Gaïd Salah s’est toutefois bien gardé de nommer ces «parties», mais a menacé de révéler leur identité le moment venu. Mais l’allusion à ces parties est tellement claire que nombre de médias, dont Algérie1, n’ont fait aucun mystère sur cette réunion «secrète» qui se serait tenue hier samedi 30 mars, «en fin de matinée à Zeralda [la résidence médicalisée où séjourne Bouteflika entouré de son clan, Ndlr] entre l’ancien patron du DRS (Département du renseignement et de la sécurité, Ndlr), Mohamed Médiene dit «Toufik», le chef du DSS [le Département de surveillance et de sécurité, Ndlr], le général-major Athmane Tartag dit «Bachir» et Saïd Bouteflika, le tout-puissant frère du président».

«On imagine bien que cette réunion a porté sur la situation de crise que vit le pays et surtout la perspective de riposte du clan présidentiel face à la volonté du chef d’état-major de passer en force en imposant l’application de l’article 102», poursuit Algérie1.

La clan Bouteflika s’est donc tourné vers l’ancien homme fort de l’Algérie, le général «Toufik» qui a été mis à la retraite, mais qui garde une grande influence sur nombre de gradés qui ont travaillé sous ses ordres. Cette nouvelle alliance à laquelle prend part un autre homme militaire puissant, donné plusieurs fois pour démissionnaire mais qui a gardé son poste, le général-major Tartag, signifie que le clan Bouteflika n’entend pas répondre à l’appel de Gaïd Salah. Bien au contraire, ce clan organise sa riposte qui pourrait aller jusqu’au limogeage du chef d’état-major, par Abdelalziz Bouteflika.

A la lecture du communiqué de Gaïd Salah et au ton très irrité qui le sous-tend, visiblement ce dernier veut montrer ses muscles à ceux qu’il considère comme des conspirationnistes.

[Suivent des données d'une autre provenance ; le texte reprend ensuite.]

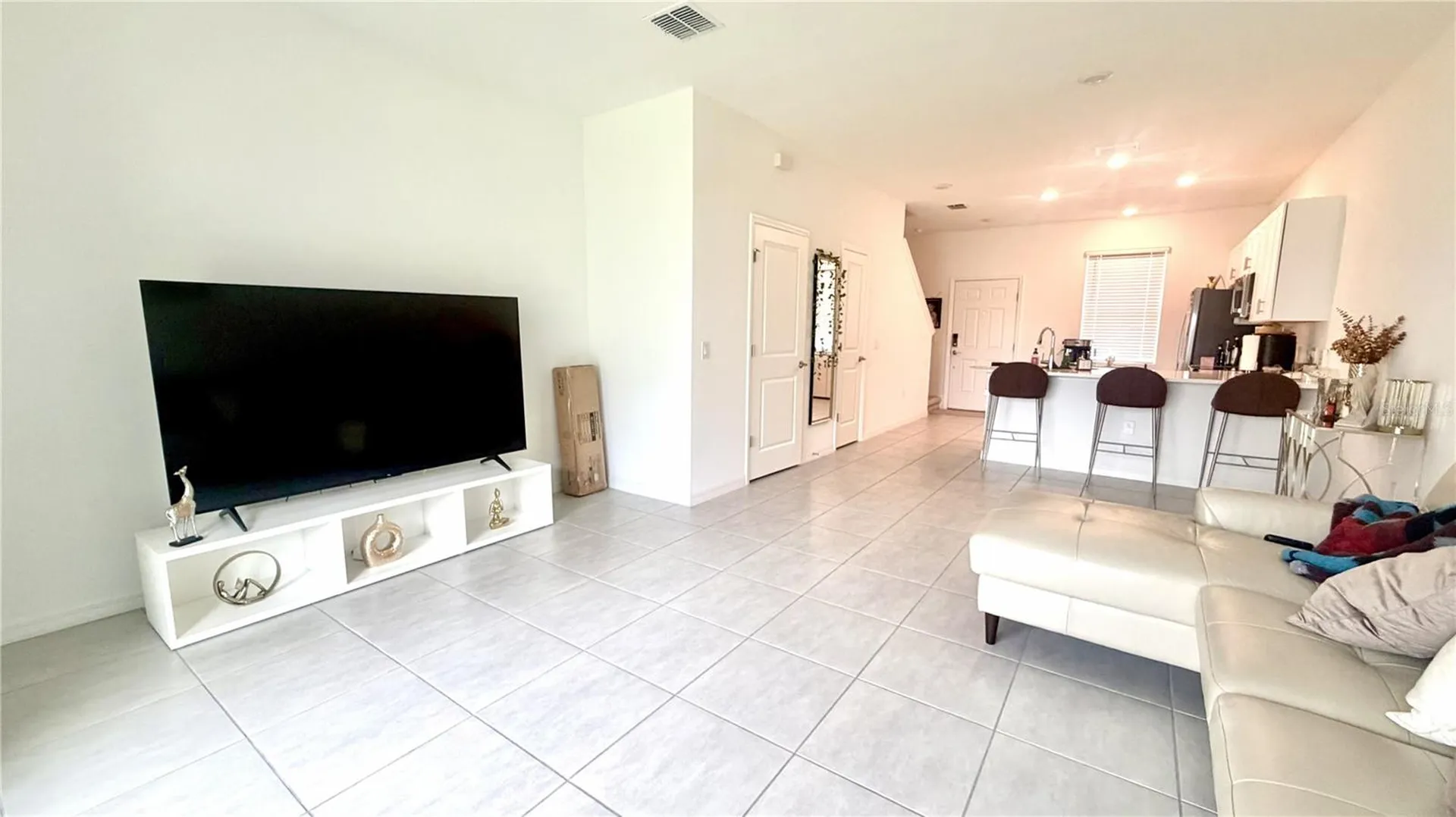 3244 Skyline Loop Kissimmee FL 34758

Le fait qu’il ait rassemblé d’autres hauts gradés autour de lui se veut comme un message que l’armée est derrière lui, que l’armée c’est lui. S’il était serein, il aurait fait l’économie d’un tel déballage sur la place publique. La réalité est en effet plus inquiétante et la situation actuelle augure des scissions dans l’armée algérienne.

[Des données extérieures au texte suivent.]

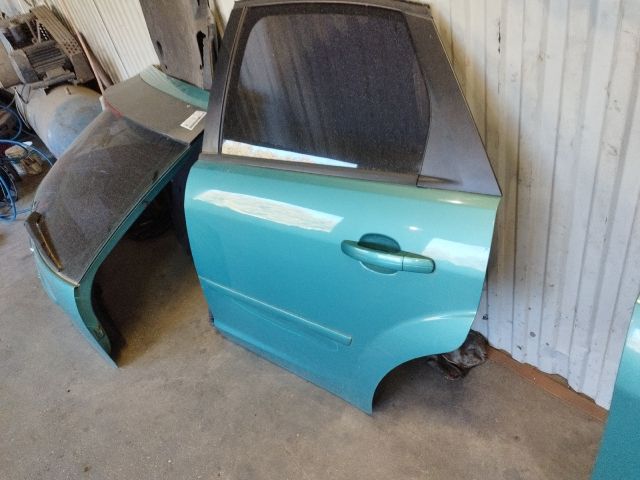 bontott FORD FOCUS II Bal hátsó Ajtó (Részeivel)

La fissure réelle, est, de fait, plus profonde que ce que le chef d’état-major veut bien montrer. De plus, contrairement aux apparences, celui-ci ne contrôle pas la situation.

D’ailleurs aucun clan ne contrôle la situation. Et c’est en cela que l’heure n’a jamais été aussi grave en Algérie. Gaïd Salah, qui ne reconnaît plus d’autorité à Abdelaziz Bouteflika, n’acceptera pas sa mise à la retraite. Jusqu’où peut-il aller ? Avec la nouvelle alliance du clan Bouteflika, la partie ne sera pas facile pour Gaïd Salah. Les deux blocs ne peuvent pas se regarder indéfiniment en chiens de faïence. L’un ou l’autre va prendre une initiative qui peut dégénérer en affrontement armé entre deux parties aux forces plus équilibrées qu’il n’y parait. Ce qui peut engager l’Algérie dans des temps bien sombres et voler au peuple sa fabuleuse mobilisation pacifique.